Monday, September 21, 2009

to you from me

hey you, just wondering whats been going through that noggin of yours. Ive been meaning to tell you yeah, i kinda miss you. well know kind of would have be a underestimate.

its not you its me. no not really. It's you. where did you go? though seriously. you were so good and now i have no idea who you are or where you're at. Do i need to come looking for you.. No, I did enough of that. you'll come back one day right?...

On a serious note, i'm leaving soon... sooner than you think. If i cant find you what is there for me to stick around for. how long am i going to be searching. it gets tiring. im busted.. body all worn out.. walking those miles to you. waiting for you to suddenly appear. it's as if you're becoming a stranger. I just hope i find my way home.

I cant fathom having you deleted from my memory. Or atleast trying to come to a conclusion that you dont exist.

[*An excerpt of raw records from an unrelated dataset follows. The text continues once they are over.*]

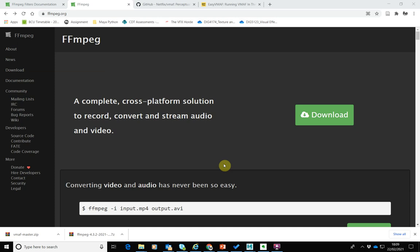A free piece of software called FFmpeg has made this process a lot easier, because in more recent versions they've added a filter that will do those video quality metrics tests for you. We're going to download FFmpeg and I'm going to show you how to use it to run the video quality metrics.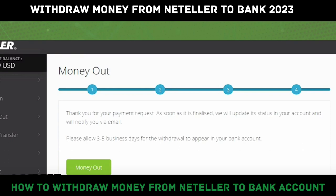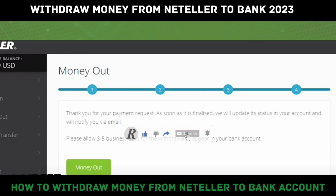At the last step, it will notify you that you need to allow three to five business days for the transfer to be completed. I hope this helped you learn how to withdraw money from Neteller to your bank account. If the video helped you, please leave a like and subscribe for more quick and easy tips. Thank you for watching.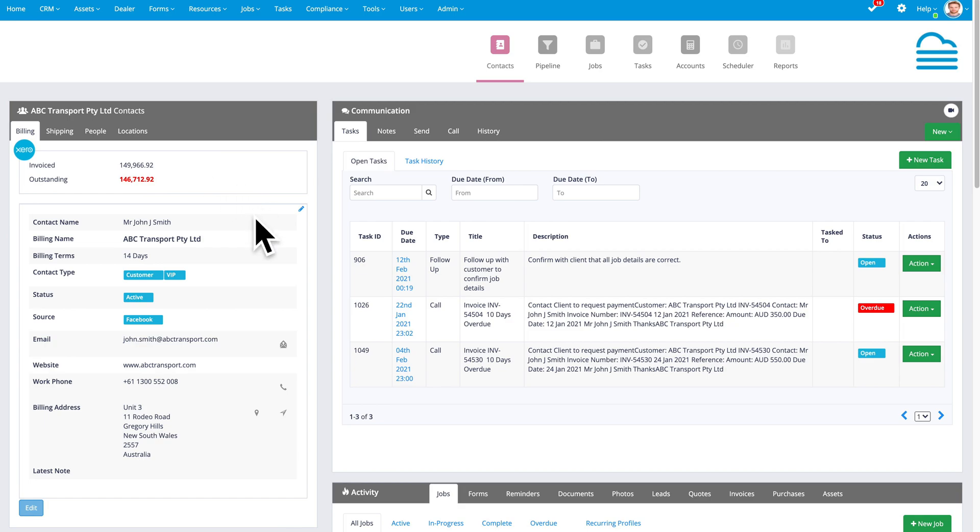Underneath that, we've got all of the standard details that you would record about a customer, their contact name and billing name and billing terms and that sort of thing.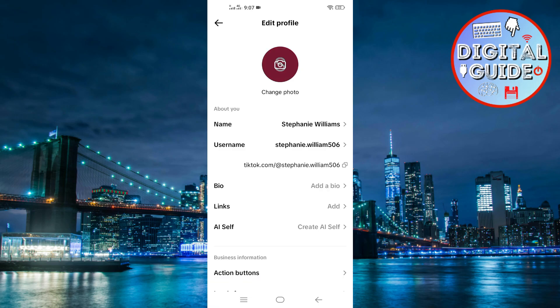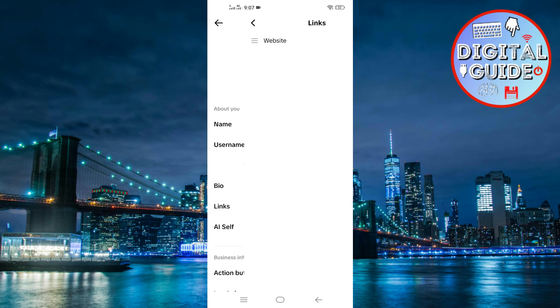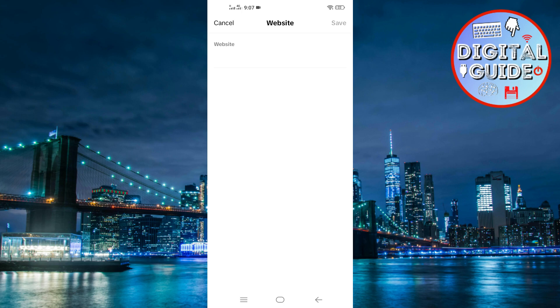Head over to your Shopify store in your browser and copy your store's URL. It will look something like yourstorename.myshopify.com, or your custom domain if you set one.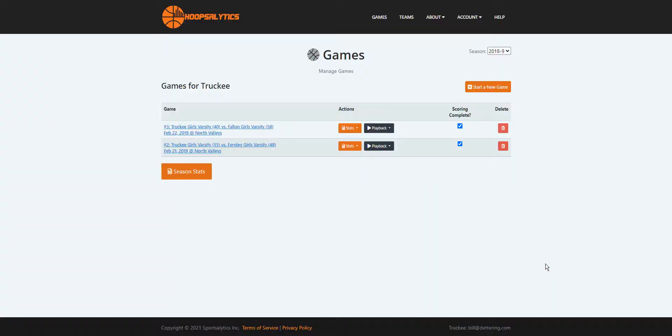Hello everybody, this is Coach Bill and I'm going to show you how to score a game with Hoopsalytics and all the cool things you can do while you're scoring. So let's get started.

slowly fading. you're fading slowly. surely.

goodnight.goodbye you.
goodmorning.hello stranger.
Sincerly, yours truly.

and i just wonder.

feeling like its my last breath .. taking it all in. trying to look at the picture. trying to back away. but im not moving. it gets hard everyday. spiritually in need of healing. some sort of. as well as soul cleansing.

Monday, September 7, 2009

Everything is everything.

you come across so many people every day of your life and do you ever wonder how you have affected them. Many of us will be like "I could careless what they think about me" it's not even about that. It's that impression or the last word you've said to them. I know with me sometimes someone says something to me pleased or not i'll have a memory of it. Even if it made not react to it. but most of the times its when i have a reaction it. :\ Like that first conversation I have with you will be a every lasting one. It's not like thats what im going to think of you throughout our whole relationship.
Sometimes i hate my left brain for remebering alot of things that i dont want to remember. Iknow the poeple in my life dislike it. But i cant help it.